(RECORDS SHOWN)

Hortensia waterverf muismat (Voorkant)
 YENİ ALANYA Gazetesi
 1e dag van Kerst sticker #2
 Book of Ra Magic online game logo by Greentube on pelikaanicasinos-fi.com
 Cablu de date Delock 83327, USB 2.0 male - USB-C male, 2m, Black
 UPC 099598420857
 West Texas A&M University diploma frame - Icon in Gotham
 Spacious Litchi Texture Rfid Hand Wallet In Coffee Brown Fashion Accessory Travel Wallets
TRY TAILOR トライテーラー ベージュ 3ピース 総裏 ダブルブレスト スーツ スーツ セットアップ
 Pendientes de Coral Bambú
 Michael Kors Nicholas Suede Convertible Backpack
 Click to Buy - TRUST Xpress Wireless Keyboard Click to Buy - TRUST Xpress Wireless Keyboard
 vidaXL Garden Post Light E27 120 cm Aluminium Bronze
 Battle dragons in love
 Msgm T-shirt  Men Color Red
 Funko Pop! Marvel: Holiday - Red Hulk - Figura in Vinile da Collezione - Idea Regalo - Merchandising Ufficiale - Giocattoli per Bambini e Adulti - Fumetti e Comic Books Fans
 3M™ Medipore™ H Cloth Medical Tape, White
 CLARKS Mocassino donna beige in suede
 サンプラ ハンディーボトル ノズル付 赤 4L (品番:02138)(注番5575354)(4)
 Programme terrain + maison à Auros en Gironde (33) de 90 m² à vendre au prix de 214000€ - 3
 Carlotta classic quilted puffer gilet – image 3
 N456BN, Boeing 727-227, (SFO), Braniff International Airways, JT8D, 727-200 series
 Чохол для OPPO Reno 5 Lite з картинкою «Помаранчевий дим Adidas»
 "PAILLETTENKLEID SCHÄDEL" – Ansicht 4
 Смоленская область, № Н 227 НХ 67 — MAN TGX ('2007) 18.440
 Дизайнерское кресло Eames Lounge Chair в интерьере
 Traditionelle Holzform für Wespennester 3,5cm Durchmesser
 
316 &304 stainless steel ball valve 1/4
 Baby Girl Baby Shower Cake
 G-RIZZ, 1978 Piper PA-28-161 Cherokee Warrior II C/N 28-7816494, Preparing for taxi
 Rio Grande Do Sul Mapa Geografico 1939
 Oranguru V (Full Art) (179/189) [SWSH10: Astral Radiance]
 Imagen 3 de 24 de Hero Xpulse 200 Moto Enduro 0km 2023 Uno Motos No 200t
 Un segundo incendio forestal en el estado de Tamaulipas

(End RECORDS SHOWN)

- [YOUR ASSIGNMENT] Write the lines out verbatim, from the one with "Дизайнерское кресло Eames" through the last line of the entries, and stop there.

- [FINISHED TASK]
 Дизайнерское кресло Eames Lounge Chair в интерьере
 Traditionelle Holzform für Wespennester 3,5cm Durchmesser
 
316 &304 stainless steel ball valve 1/4
 Baby Girl Baby Shower Cake
 G-RIZZ, 1978 Piper PA-28-161 Cherokee Warrior II C/N 28-7816494, Preparing for taxi
 Rio Grande Do Sul Mapa Geografico 1939
 Oranguru V (Full Art) (179/189) [SWSH10: Astral Radiance]
 Imagen 3 de 24 de Hero Xpulse 200 Moto Enduro 0km 2023 Uno Motos No 200t
 Un segundo incendio forestal en el estado de Tamaulipas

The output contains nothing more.